During the airing of the show, which has drawn massive protests wherever it has been shown, from Canada to New Zealand, MTV urged its viewers to phone in or comment via the Internet, saying that the decision to continue with the proposed 10-part series would depend on the reactions of the audience.
A statement from MTV said that an official decision by the broadcaster on the future of the show would be made next week.
A phone survey was also conducted among viewers between the ages of 14 and 39. An MTV source later revealed that 78 percent were in favor of the show.
Under the title "How Far Can Satire Go?", members of Germany's Catholic Youth Association, media analysts, politicians, German pop stars and MTV viewers debated the controversial show. However, the most vehement critics of "Popetown" -- the archdiocese of Munich -- failed to attend.
Diverse panel set up to discuss the boundaries of satire
Those who did attend included Dirk Tänzler of the board of directors of the Alliance of German Catholic Youth (BDKJ), Joachim von Gottberg from German television's regulatory body (FSF), rapper Smudo from German band Die Fantastischen Vier and the chairman of the Young Liberals, Johannes Vogel.
Gottberg told the panel that the FSF had watched the show before it was shown and had concluded that "Popetown" was not a danger, giving MTV the green light to broadcast. "Nobody believes that this is a representation of reality,” he said.
When asked if the beliefs of children would be damaged or their faith in the church shaken by the show, Gottberg said that showing "Popetown" at a later time would help to protect younger children between the ages of four and 12 who would not understand the irony of the show.
Older kids know what reality is, says TV standards boss
The real pope's behavior differs greatly from the show's
"Every 12-year old knows that the pope is not an immature child-like figure," he added.
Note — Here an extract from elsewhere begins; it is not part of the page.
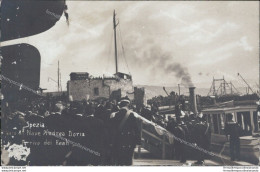 Ar30 Cartolina Spezia Citta' Nave Andrea Doria Arrivo Dei Reali 1913 - La Spezia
The pontiff in the show often acts like an offensive child, declaring in one episode that he hates orphans "like the plague" and that receiving them is "really crap." Gottberg concluded: "It is unlikely that the show would be pulled just because feelings are hurt."
Rapper Smudo said that the row concerning "Popetown" had benefited MTV at the expense of the image of the Catholic Church and added that if anything should be banned it should be Germany's conservative parties which he felt damaged democracy by attempting to restrict free speech and expression in art.
Conservative politician Joachim Herrmann earlier this week filed an injunction against MTV over its advertisement for the show which portrayed an empty cross next to a man with a crown of thorns and bloody wounds giggling in front of his television.
The Christian Social Union (CSU) -- which is the sister party of Chancellor Merkel's Christian Democratic Union and is based in Bavaria, the current pope's state of birth -- issued its protests to the panel in writing. "Such a program has no place on German television," wrote CSU Secretary General Markus Söder.
German Catholic Youth representative Tänzler criticized the show, saying that it "denigrated" the cross and went too far. "I would recommend that MTV stops its broadcast of this show," Tänzler said, adding that the show was banal and had nothing to do with satire.
Archdiocese of Munich pushes for ban
The church is undetered by its initial failure to have the show banned
After the episode was shown, the archdiocese of Munich was considering its next step in its bid to have the show taken off German television, vowing to do all it could to prevent the series -- which is available on DVD -- from being broadcast.
The archdiocese had filed a legal injunction against MTV Germany on Tuesday in an attempt to block the broadcast of the "blasphemous" cartoon.
The bishops in Pope Benedict XVI's largely Catholic home state of Bavaria, southern Germany, called the show "a collective insult to practicing Catholics" and claimed the dialogues in the dubbed German version of the cartoon were even more blasphemous against the pope and the Eucharist than the excerpts available on the Internet.
MTV offered the single test episode as a compromise solution to the archdiocese's calls for a complete ban, but the bishops have continued to call for the show to be pulled, calling MTV's offer "perfidious."